• **RAW DATA**
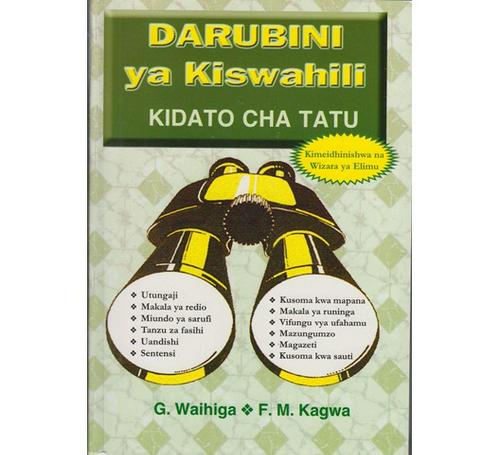 Darubini-ya-Kiswahili-kidato-Three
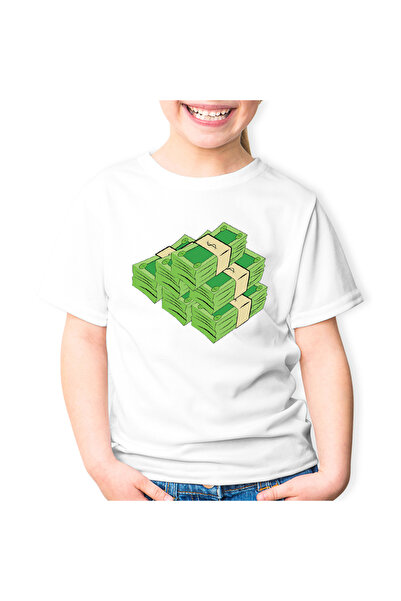 OEM Παιδικό μπλουζάκι Grand Theft Auto GTA6 Money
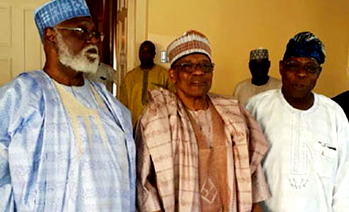PDP Chairmanship: Unending romance with military big wigs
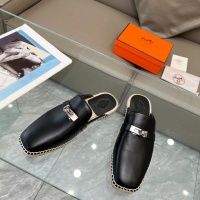 Cheap Hermes Slippers For Women #1245697 Replica Wholesale [$88.00 USD] [ITEM#1245697] on Replica Hermes Slippers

• **PROBLEM DETAILS**
Could you return the listing above exactly, minus its pictures?

• **RESULT OF THIS TASK**
 Darubini-ya-Kiswahili-kidato-Three
 OEM Παιδικό μπλουζάκι Grand Theft Auto GTA6 Money
PDP Chairmanship: Unending romance with military big wigs
 Cheap Hermes Slippers For Women #1245697 Replica Wholesale [$88.00 USD] [ITEM#1245697] on Replica Hermes Slippers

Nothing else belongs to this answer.